In fact the proposed rate hike was intended to provide T&TEC with a certain quantum of increased income based entirely on the then prevailing total electricity consumption by residential and commercial customers. That was measured by the then digital Sangamo metering system that was manufactured in Japan.
However with the introduction of this contaminated, new electronic metering system most householders will find that their kilowatt hours (units) will now double even though their total usage of electricity is the same. My bi-monthly usage has in fact doubled from 1300 units (for the past 20 years) to 2600 units even though I have ceased using a water-pump for my water supply and am taking off my water heater more frequently than previously.

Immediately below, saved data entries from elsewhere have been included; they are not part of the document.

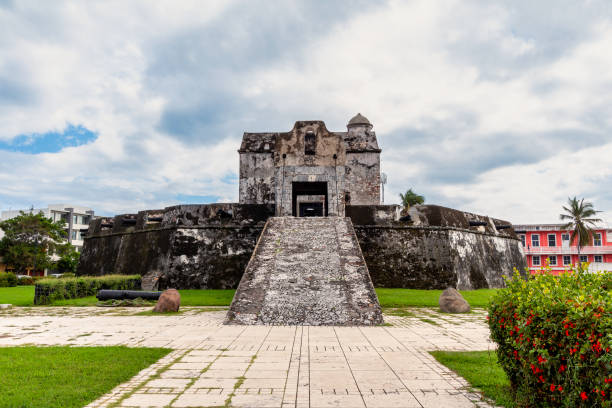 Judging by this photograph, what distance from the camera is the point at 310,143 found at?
1812 cm

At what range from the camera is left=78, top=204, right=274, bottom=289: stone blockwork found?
55.0 feet

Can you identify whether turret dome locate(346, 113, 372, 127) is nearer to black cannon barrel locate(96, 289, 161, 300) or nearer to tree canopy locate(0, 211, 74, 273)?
black cannon barrel locate(96, 289, 161, 300)

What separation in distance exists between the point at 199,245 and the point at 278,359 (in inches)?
489

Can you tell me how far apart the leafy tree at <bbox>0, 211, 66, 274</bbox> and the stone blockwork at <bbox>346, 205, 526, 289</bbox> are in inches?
1224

T&TEC officials came to my house on Sunday last to check the accuracy of both the new meter and the 2600 units of consumption. The latter is correct
After careful and continuous monitoring of the new meter post- installation that T&TEC General Manager Ernest Boxill dubbed "intelligent", I am convinced that it has been deliberately configured to reflect a vastly erroneous increased unit consumption to enable T&TEC to quadruple its revenue take from residential customers. This is a big rip-off by T&TEC "in rainy days"
Accordingly having regard to this fundamentally unexpected adverse and onerous situation for consumers that results in a residential-customer generated windfall for T&TEC, the RIC must now revisit the factors used for calculating its 2006 T&TEC rate increase. For the identical electricity consumption consumers will now pay four times their original 2006 bill.
This is what Boxill boasted was the "double whammy' to use his own words, facing beleaguered residential consumers in his recent CNC3 interview.